All Unsterwerx data is stored locally in the data directory (default ~/.unsterwerx/). No cloud services or external databases are required.

Directory Layout

~/.unsterwerx/
├── unsterwerx.db          # SQLite database (WAL mode)
├── canonical/             # CAS markdown files (SHA-256 prefix dirs)
│   ├── 0a/
│   │   └── 0a1b2c3d...   # canonical markdown content
│   └── ff/
│       └── ff9e8d7c...
├── diffs/                 # CAS diff payloads (zstd compressed)
├── archive/               # Archived original documents
└── templates/             # User Tera templates for reconstruction

SQLite Database

The database uses WAL (Write-Ahead Logging) mode for concurrent read access. Key tables:

Table	Purpose
`documents`	Document registry with hash, status, metadata
`canonical_records`	Links documents to CAS markdown content
`canonical_fts`	FTS5 full-text search index
`similarity_signatures`	MinHash signatures per document
`similarity_candidates`	Similar document pairs with Jaccard scores
`diff_records`	Diff metadata and CAS references
`classification_rules`	Regex-based classification patterns
`document_classifications`	Classification results per document
`retention_policies`	Retention rules per document class
`source_hierarchy_rules`	Trust weight rules by source class
`knowledge_sources`	Registered import source adapters
`import_batches`	Import batch tracking
`import_items`	Individual import item records
`document_provenance`	Source linkage for imported documents
`audit_events`	Append-only hash-chained audit log

Content-Addressable Storage (CAS)

Canonical markdown and diff payloads are stored in a CAS filesystem.

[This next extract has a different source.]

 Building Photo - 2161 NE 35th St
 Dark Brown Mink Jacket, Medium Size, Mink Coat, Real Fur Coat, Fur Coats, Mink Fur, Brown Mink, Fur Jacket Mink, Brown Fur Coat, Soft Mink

Files are named by their SHA-256 hash and organized into 256 prefix directories (00/ through ff/). This provides:

Automatic deduplication: identical content is stored once
Integrity verification: the filename is the content hash
Efficient lookups: O(1) by hash

Diff payloads are additionally compressed with zstd (level 3 by default).

Document Lifecycle

Documents progress through these statuses:

Status	Meaning
`canonical`	Text extracted, canonical markdown stored in CAS
`classified`	Classification rules applied, document class assigned
`error`	Parse or extraction failed (corrupt file, invalid format)
`image_only`	Scanned PDF with no extractable text
`unsupported`	File format has no parser (e.g., `.doc`, `.ppt`, `.xls` legacy formats)
`deduplicated`	Removed from the active set by knowledge dedup
`dismissed`	Marked unrecoverable by the user

Overriding the Data Directory

Set a custom data directory with --data-dir or the UNSTERWERX_DATA environment variable:

bash

unsterwerx --data-dir /path/to/data status
UNSTERWERX_DATA=/path/to/data unsterwerx status